The Lakers came into Monday night feeling good about themselves, winners of seven straight and finally looking like a group building real momentum. But the energy that carried them through the past two weeks never showed up in an 108-125 loss. Instead, Los Angeles spent most of the night chasing a Phoenix team that played with far more urgency, even after Devin Booker went down early.

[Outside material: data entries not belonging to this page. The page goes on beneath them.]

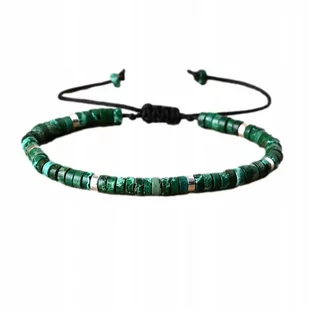 Bransoletka Kamień Naturalny Zielony Jaspis Morski 2 x 4 mm Regulowany - Bransoletki - miniaturka - grafika 1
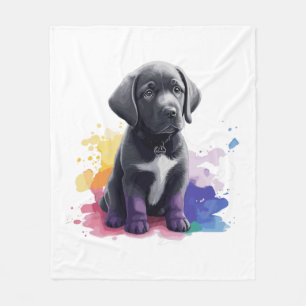 Labrador puppy in watercolors fleece blanket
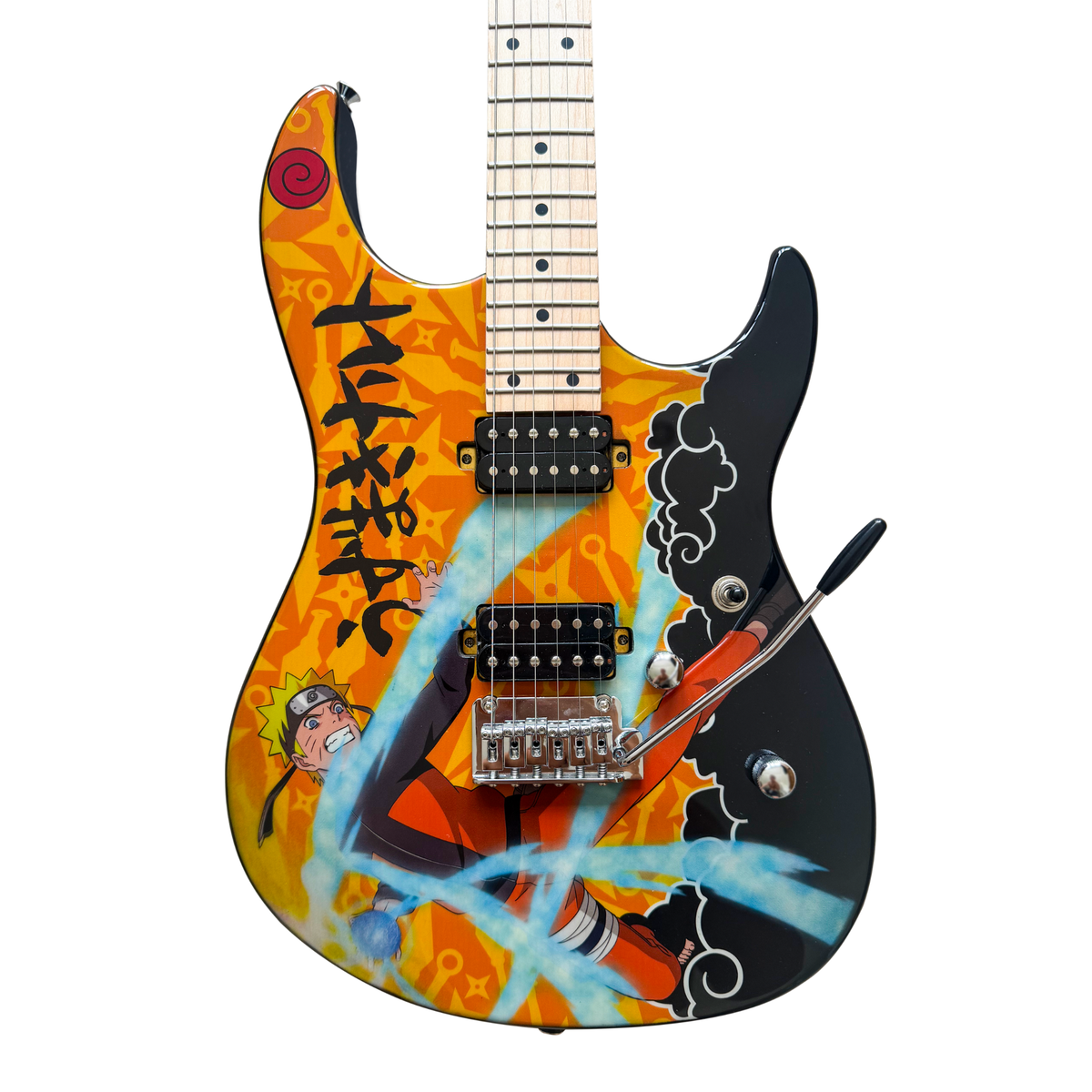 Officially licensed Naruto Shippuden Rasengan electric guitar body, front view, in orange with Naruto and his Rasengan, the Uzumaki spiral on the upper bout, and a lighter orange kunai pattern across the whole body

Luka Doncic lit up the first quarter, LeBron James worked just to extend his decades-long scoring streak, and the Lakers still found themselves buried under a wave of Suns threes, turnovers, and fast-break pushes. By the time the fourth quarter hit, the building was quiet, and the Lakers looked exactly how they played: tired, sloppy, and a step behind. After an ugly Monday night loss, let’s dive into the three major takeaways.
1. Sloppy Ball Movement Put The Lakers In A Hole
If the Lakers needed one stat to explain the loss, it was their 22 turnovers. Every time they looked ready to make a run, another loose pass or mishandled possession killed the momentum. Phoenix didn’t just take the ball; they turned it into points. The Suns piled up 32 points off those giveaways, while L.A. managed only 13 off the Suns’ mistakes. Doncic was brilliant scoring the ball, but his nine turnovers were costly, especially when Phoenix ramped up pressure on the perimeter.
Those mistakes fueled the biggest gap of the night: transition scoring. The Suns ran at every opportunity, converting them into 28 fast-break points, while the Lakers had a shocking two. With Phoenix shooting 57% from the field and knocking down 17 threes, giving them extra possessions turned a tough matchup into an uphill climb the Lakers never came close to solving.
2. Doncic Did His Part, But The Defense Didn’t
Doncic once again played the role of offensive lifeline, finishing with 38 points, 11 rebounds, and five assists. But for every tough shot he hit, Phoenix seemed to answer with an open three or a back-cut layup. Collin Gillespie caught fire with eight threes and 28 points, and Dillon Brooks added 33 while attacking mismatches whenever the Lakers switched. Even without Booker, Phoenix kept the floor spaced and made L.A. scramble from one rotation to the next.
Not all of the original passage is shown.